In recent years, in 2004 and 2005, college-bound high school seniors were also slightly more likely to want to get married than their classmates who don’t plan on going to college, Bachman said.
College-educated women are now more likely to marry than their less educated counterparts, although they typically marry several years later than the national average. And when they do marry, college graduates are also much less likely to divorce.
The divorce rate among college graduates has dropped steeply since the 1980s. Bachelor’s degree holders are about half as likely to divorce than couples without a four-year degree, according to analysis by Steven Martin, an assistant professor of sociology at the University of Maryland.
But all this doesn’t mean it’s a good idea to marry your Chem class sweetheart, though. To the contrary, the data suggest that while you should marry someone who’s educated, you’ll probably want to wait for quite a while after necking in the Engin Arch – if you marry someone you met at Michigan at all.
People who marry younger are more likely to divorce or feel like they’ve missed something than those who wait longer. So maybe orientation leaders should keep all that talk about the Engin Arch to themselves.
Michigan graduates appear to be more likely to marry shortly after school than graduates of some other schools, but not most.

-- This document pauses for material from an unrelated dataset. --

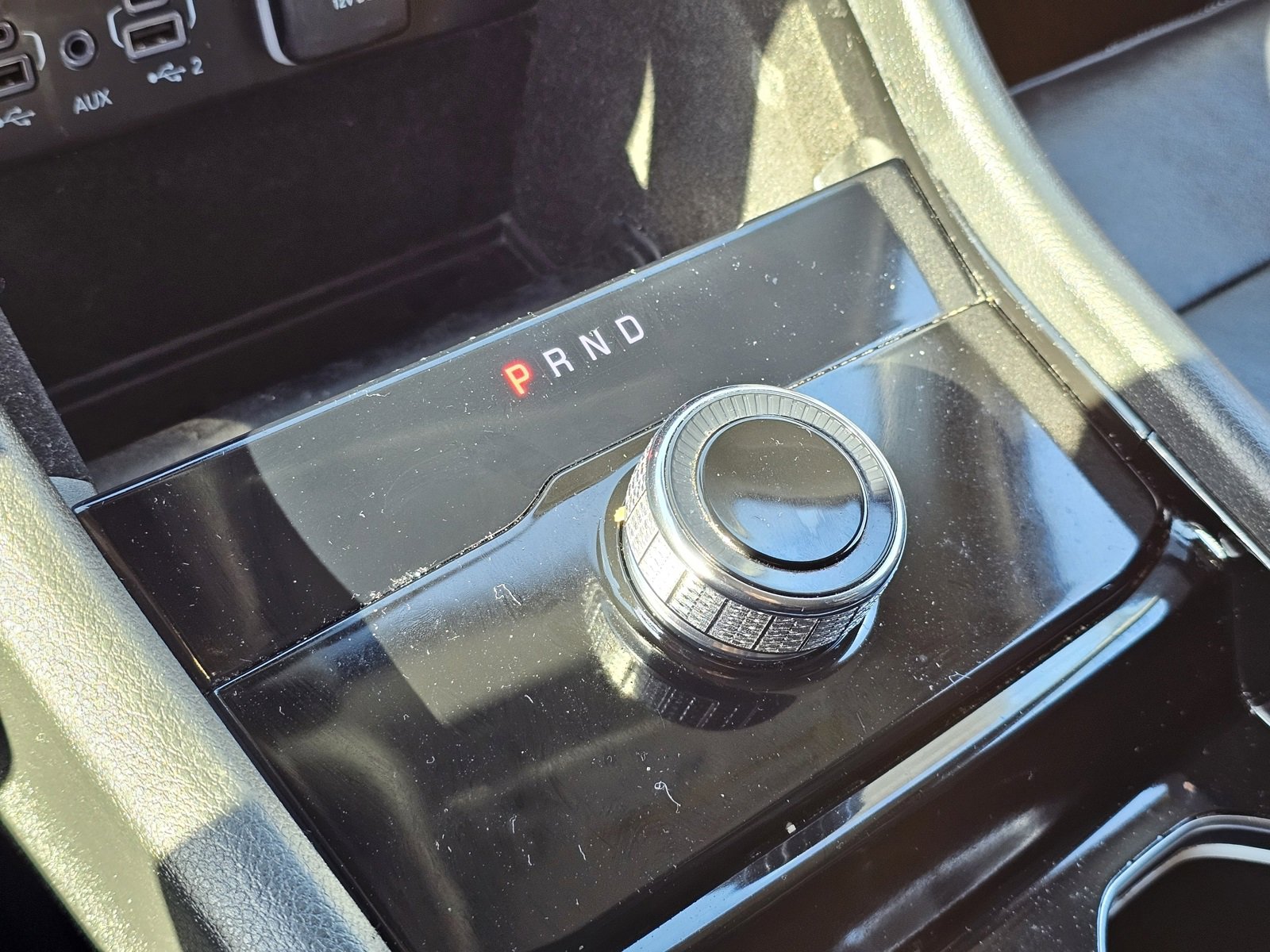 Used 2021 Jeep Grand Cherokee L Limited image 13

Five years after graduation, 31 percent of Michigan alumni had tied the knot at some point, compared to 20 percent of Reed College alumni and 23 percent of the University of Pennsylvania graduates, according to a New York Times poll released in September of 500 members of the University’s class of 2002. The national average cited in the poll was 34 percent.

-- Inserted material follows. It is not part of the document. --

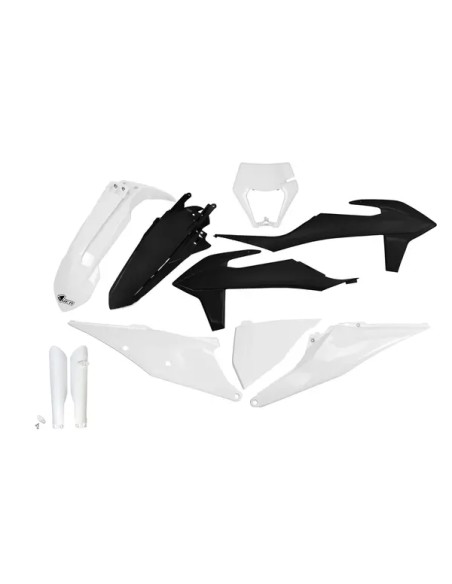 UFO Karosserieteile & Schutzbleche für KTM EXC 300 TPI 2020-2023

The Alumni Association has recorded that 28,454 alumni are married to another alum, making at least 14,227 University-educated couples. And there are probably even more people who haven’t reported their marital status to the school.
This year, 81 weddings were held in either the Michigan League or the Michigan Union and while not all of the couples were alumni, the vast majority were – an estimated 90 percent – said Nancy Harper, the special events manager for the University’s Unions.

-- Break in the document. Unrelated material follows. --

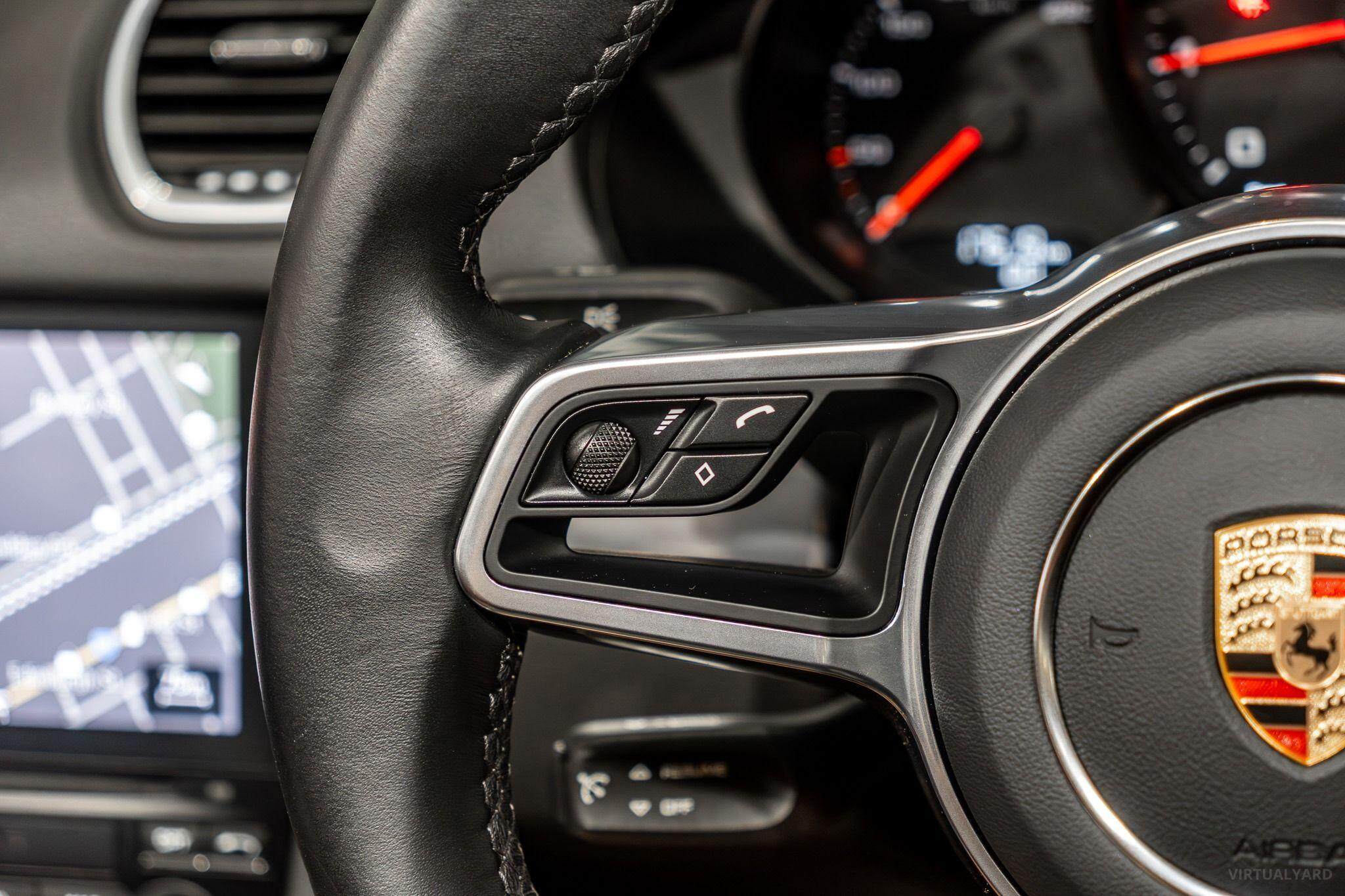 2023 Porsche 718 982 Boxster Style Edition Convertible 2dr Man 6sp 2.0T [MY23]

But just looking at the women in white who often pose with their Michigan men on the steps of the Union makes it seem like marrying a fellow Wolverine isn’t such a bad idea. But maybe the trick to avoiding becoming a divorce statistic is just to wait a while – for six years or so. Or maybe not.
Kinesiology senior Bethany Crunk met her husband as a freshman at Northern Michigan University, while both she and her husband were working at a concession stand. After getting engaged during Crunk’s sophomore year, they married last July.
Crunk, who is 23, said getting married young added responsibilities such as running a household and working extra hours to pay the bills, but that wouldn’t change anything.
“However stressful, I wouldn’t have done it any different,” Crunk said.
Ann Pearlman, a marriage and family counselor in Ann Arbor, said that committing to a relationship in college or during the early 20s could have very positive effects.
But not always. Couples can either grow up together or grow apart as they mature, Pearlman said.
Pearlman said that college couples can support, or parent, each other by keeping each other on track through school and starting a career as they start the final stages of adulthood.
Couples can also help each other stay clear of the “party-hardy” lifestyle, she said.
On the other hand, couples who commit to each other in college may not get a chance to explore other relationships or other people and learn what they are looking for out of a relationship, Pearlman said.
She said it makes logistical sense that so many people meet their lifelong mates during their college years because students grow independent from their first family and often look for new relationships for support.
“It’s an ideal time to meet somebody,” she said. “We want someone to cling to. We want someone to share our lives with.”
Pearlman said relationships are successful when the couple is “in sync in terms of intimacy,” meaning that they agree on the level of intimacy they are looking for from the relationship.
But despite the joys of marrying young, researchers are positing that one reason why marriages between college couples are lasting longer may be that more and more couples are waiting longer to get married. Statistics show that the younger a couple gets married, up until their mid-twenties, the more likely the marriage is too fail.
In 1970, the average bride was 21. In 2007, the average bride is 26.
However you do it – if you don’t rush into it, or even if you do, college will always be one of the best places to meet the love of your life.
University alum Noah Roth met his fiancé Rachel Jacobs in a Psychology 111 class when they were both freshman in living in Mary Markley Residence Hall.
Roth said that although he knew Jacobs as a freshman, he didn’t ask her out until he ran into her at the gym during their sophomore year.
The pair, both 26, got engaged last winter and plan to marry this September.
Roth, who graduated in 2004, said that the idea of marriage didn’t come up in while they were still undergraduates because both were concerned with applying to graduate school, wanting to see where they were admitted before making plans for the future.
Roth said having the University in common gives him and Jacobs something easy to talk about.
“It’s a nice topic of conservation,” he said. “We both remember our time fondly.”